Moore also said that personal circumstances may also play a role in determining whether an individual chooses to get the second “booster”. Healthcare professionals and those working in crowded environments should also receive the fourth dose, as should people with at-risk family members. In any case, anyone with questions about whether or not to receive a fourth dose of the vaccine is invited, by the provincial health authorities themselves, to contact their doctor.
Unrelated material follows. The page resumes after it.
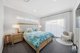 Photo - 18 Silvester Way, Gledswood Hills NSW 2557 - Image 11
But Ontario epidemiologists are divided on whether to offer the fourth dose as early as this summer. In fact, just over four million people have received two doses of the Covid-19 vaccine and have yet to receive the third. And in any case, the positions are different, if not opposite. Dr. Susy Hota, medical director for infection prevention and control at the University Health Network, told CTV last week that you shouldn’t expect more vaccines that might target specific variants or sub-variants as it is more important to reduce suffered the risk of severe symptoms and disease-related death.

Instead, Dr. Dale Kalina, an infectious disease physician, told CP24 that there isn’t much benefit from fourth doses unless an individual has a compromised immune system. “People who really need booster doses, in general, are people whose immune systems don’t work particularly well. So people who are over 70 or those who are taking drugs that suppress the immune system”.

The launch of the fourth dose vaccination campaign for all over 18s comes at a time when Ontario is in the midst of the seventh wave of the pandemic, “with an expected peak in the coming weeks”, Moore said. Ontario has seen a sharp increase in the presence of the virus in wastewater, as well as an increase in the rate of positivity and hospitalizations in recent weeks “but there will be no new restrictions”, Moore pointed out.